L'analyse des mythes et traditions est un terrain délicat, notamment dans le domaine des mégalithes où interfèrent plusieurs niveaux d'information souvent enchevêtrés :

  • des bribes de traditions authentiquement anciennes,
  • des "mythes récurrents", revenant spontanément à différentes époques sans qu'il y ait nécessairement un lien avec un fond plus ancien,
  • des "mythes savants", issus des idées intellectuellement en vogue à une certaine époque, "plaquées" artificiellement sur un site et finalement incorporées à la tradition.

Parmi les grandes périodes favorables à de telles éclosions, on peut notamment citer:

  • la fin du XVIe siècle avec la contre-réforme post-tridentine et la politique de "missions" de l'Eglise catholique, pour les mythes à connotation biblique ou évangélique,
  • le XVIIIe siècle et ses "Lumières" pour les références à l'Antiquité classique,
  • le début du XIXe siècle et le Romantisme avec le mouvement "celtomane",
  • la fin du XIXe siècle avec la résurgence des mythes "arthuriens",
  • l'époque actuelle, propice à l'élaboration de "mythes scientifiques" variés.

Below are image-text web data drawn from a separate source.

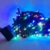 Cordão de LED Luz Colorida com Fio Verde 100 Leds 5m 220V – 1unidade – Cromus Natal – Rizzo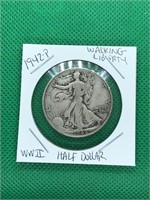 1942-P Walking Liberty Silver Half Dollar WWII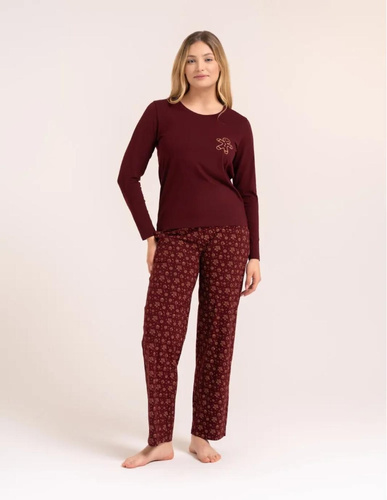 Moraj PDD4300-025 Pijamale damă bleumarin 95% bumbac, de Crăciun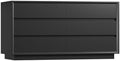 TEENFON 55" Dresser for Bedroom with 6 Drawers, Black Dresser with Metal Slide, Bedroom Dressers, Wood Dressers & Chests of Drawers for Bedroom, Hallway, Black by TEENFON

Certains illustrateurs du XIXe s. jouent délibérement la carte du fantastique.

Quelques traditions liées aux mégalithes morbihannais

Les nains (sous leurs différentes formes et appellations) sont régulièrement impliqués dans la construction et/ou la fréquentation des tombes mégalithiques : Mané-Kerioned (butte aux lutins), Ty-Korriganed (maison des lutins), etc. (par contre, à la différence de bien d'autres régions, les géants ne sont pratiquement pas sollicités en Morbihan).

Les fées auraient notamment entassé les pierres du Mané-er-Hroeg à Locmariaquer pour aider une pauvre veuve à guetter le retour de son fils ; cette légende est peut-être à rapprocher de l'usage du monument comme amer indiqué par Garcie Ferrande, voire comme "motte à fougon" (fanal) d'après Boureau-Deslandes.

Les formes du bloc au premier plan ont été accentuées pour évoquer un crapaud, animal parfois évoqué dans la dénomination traditionnelle des mégalithes.

Les croyances liées à la fécondité présentent plusieurs aspects

  • Les roches "écriantes" sur lesquelles les femmes en mal d'enfant venaient se frotter ; sont notamment concernés le Grand-Menhir de Locmariaquer, le "Vaisseau" (bloc couché) à la tête des alignements du Menec, le dolmen de Cruz-Moquen à Carnac (la christianisation de ce dernier aurait eu pour but de faire cesser cette pratique),
  • Les pierres assurant la protection et la prospérité des troupeaux sont attestées par Boureau-Deslandes dès le 18e siècle, avant que ces pratiques ne soient rapportées comme liées au culte de Saint Cornely,
  • Les pierres des alignements ont aussi été considérées comme ayant été semées en sillons et ayant poussé comme des plantes.

Le dolmen christianisé de Cruz-Moquen à Carnac.

Les malédictions divines

Le mythe central est celui de Saint Cornely pétrifiant la légion romaine qui le poursuivait ; outre le gros de la troupe représentée par les alignements de Carnac, on en trouve l'avant-garde à Kerzerho (Erdeven), deux traînards à Luffang (Crac'h) et des fuyards au Resto (Languidic).

A Saint-Pierre-Quiberon, c'est par contre sainte Hélène qui aurait pétrifié les soldats lancés à ses trousses. Dans d'autres régions de Bretagne, on fait également allusion à des châtiments d'attitudes mécréantes : pétrification de noceurs irrespectueux à l'égard d'un prêtre portant le Viatique (Brasparts, Finistère) ou de jeunes filles préférant une danse sur la lande à l'assistance aux vêpres (Langon, Ille-et-Vilaine), etc.